Wie löst man das Personalproblem?

Die Stadt hat einen Krisenstab eingerichtet. Schon am ersten Tag hätten sich 50 Mitarbeiter der Stadt freiwillig gemeldet, um zu helfen, sagt Reiter. Bei der Regierung von Oberbayern seien es bisher 75 Mitarbeiter, sagt Hillenbrand. Mit den externen Dienstleistern, die den Betrieb der Einrichtung übernommen haben, arbeite man intensiv daran, die Situation zu verbessern.

Wie steht es um die Sicherheit im Viertel?

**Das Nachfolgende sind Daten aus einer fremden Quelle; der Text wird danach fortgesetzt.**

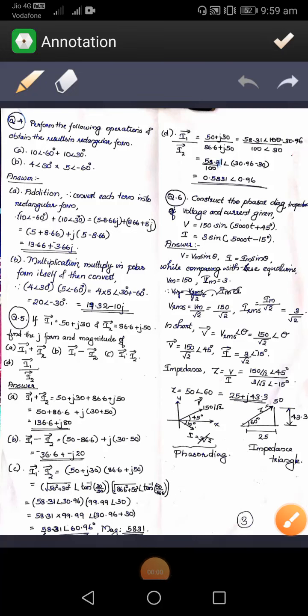Friends, in this video we can discuss some problems based on phasor representation. The fourth problem is: perform the following operations and obtain the results in rectangular form. There are two subparts. The first subpart is 10 angle minus 60 plus 10 angle 30.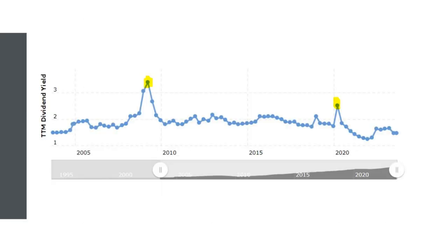Another thing investors in SPY would want to know about is the yield — currently around 1.49%. You're not investing in this specifically for yield, but it's a return component to pay attention to. Looking at yield charted over time, it's very intuitive: when SPY drops, the yield increases. The two highlighted spikes are the 2008-2009 housing crisis and the COVID bear market, when the basket of stocks dropped so much the yield spiked significantly.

„Es gibt keinerlei negative Auffälligkeiten, was die Kriminalität angeht“, sagt der örtliche Polizeichef. Es gebe zusätzliche Streifen, auch Beamte der Pferdestaffel seien unterwegs. Wenn es Probleme mit Flüchtlingen gebe, gehe es meist um Verunreinigungen oder Streit. Insgesamt gebe es aber „keine signifikanten Änderungen in der Sicherheitslage“.

Wer sind die Flüchtlinge?

Die Flüchtlinge in der Bayernkaserne kommen vor allem aus Syrien und Schwarzafrika. Es seien keine „Armutsflüchtlinge“, sondern Menschen, die fürchten mussten, zu sterben, sagt Jürgen Soyer, vom Verein Refugio, der traumatisierte Flüchtlinge betreut. „Viele der Flüchtlinge mussten mit ansehen, wie Familienmitglieder von Bomben zerfetzt wurden oder auf der Flucht gestorben sind.“ Etwa ein Drittel der Flüchtlinge habe ein Trauma, bei den Kindern leiden bis zu 60 Prozent daran. Viel Applaus gibt es für die Feststellung von Dieter Reiter: „Das sind keine Menschen, die unser Sozialsystem ausnutzen wollen, sondern welche, die hier lernen, arbeiten und sich integrieren wollen.“

Gibt es ein Alkoholproblem?

Mehrere Bürger beschweren sich, dass Flüchtlinge an einer Tankstelle Alkohol kaufen und dann in Grünanlagen trinken würden. Grund dafür sei, dass in der Aufnahmeeinrichtung Alkoholkonsum verboten ist. Die Regierung von Oberbayern hält an diesem Verbot fest. Dieter Reiter kritisiert es: „Ich sage nicht, dass da eine Kneipe hin soll. Aber wenn jemand ein Bier trinken will, sollte man ihn nicht zwingen, das auf dem Grünstreifen vor der Kaserne tun zu müssen.“

Warum haben Flüchtlinge Handys?

Eine zynische Frage, finden Sie? Leider wird sie gestellt – und von einer kleinen Gruppe auch beklatscht. Christoph Hillenbrand antwortet: „Seine Heimat zu verlassen macht arm genug, ich würde mein Handy auch mitnehmen.“ Ohne Handy, sei so eine Flucht oft gar nicht möglich. Geschenkt bekomme jedenfalls keiner eines. Es folgen weitere Erklärungen, bis Dieter Reiter einen Schlussstrich zieht: „Zu so einer Frage will ich gar nichts sagen, denn das ist bodenlos.“

Wie geht es mit der Funkkaserne weiter?

Mehrere Münchner, die in das neue Quartier Domagkpark ziehen werden, melden sich mit Fragen zur angrenzenden Funkkaserne. Hier sind aktuell 261 Flüchtlinge untergebracht, künftig werden um die 300 Menschen hier eine Unterkunft bekommen. Die Einrichtung in der Lotte-Branz-Straße diene zur Aufnahme.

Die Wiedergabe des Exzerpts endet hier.